**AIM OF THE TASK:** The output is the line containing "Light Pink Felt" plus every later line down to the end of the listing below, copied exactly. No pictures belong in it.

**SUPPLIED MATERIAL:**
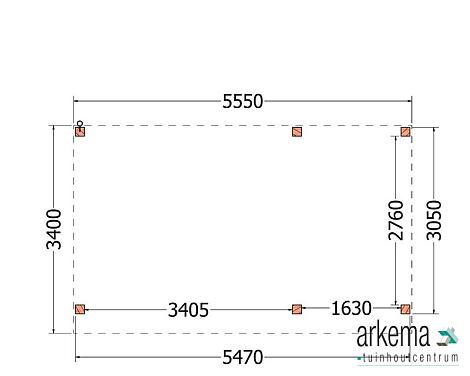 Buitenverblijf Refter XL 5550x3400x2600mm (bxdxh)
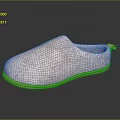 Light Pink Felt Slippers With Comfortable Design And Brown Stitched Sole 3d model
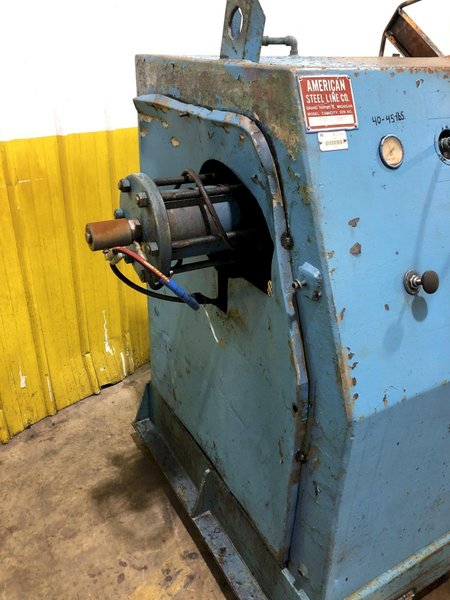 10,000 LB X 40&quot; AMERICAN STEEL LINE MOTORIZED COIL REEL UNCOILER STOCK #3185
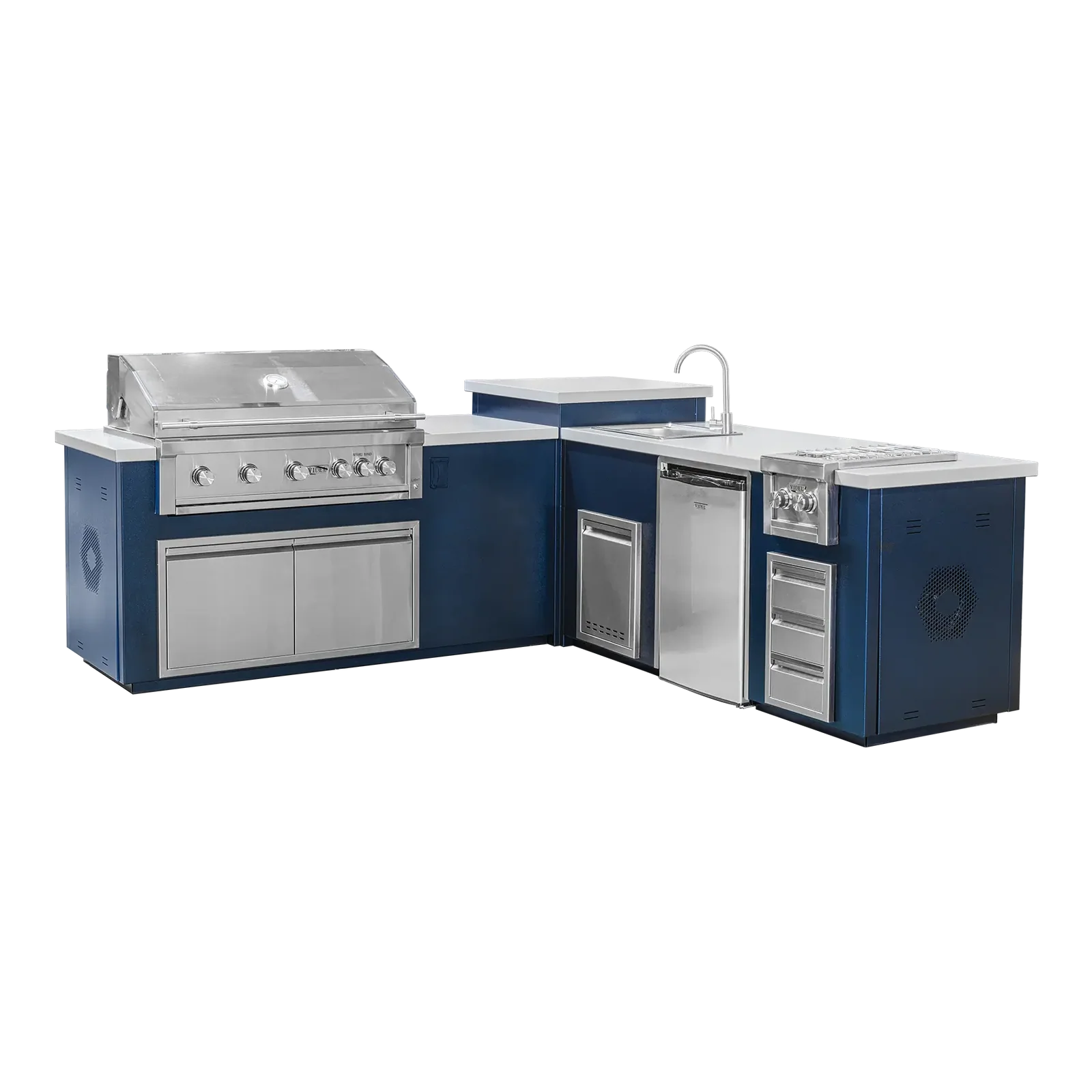 Outdoor kitchen with blue cabinets and stainless steel appliances on a white background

**RESULT OF THIS EXERCISE:**
 Light Pink Felt Slippers With Comfortable Design And Brown Stitched Sole 3d model
 10,000 LB X 40&quot; AMERICAN STEEL LINE MOTORIZED COIL REEL UNCOILER STOCK #3185
 Outdoor kitchen with blue cabinets and stainless steel appliances on a white background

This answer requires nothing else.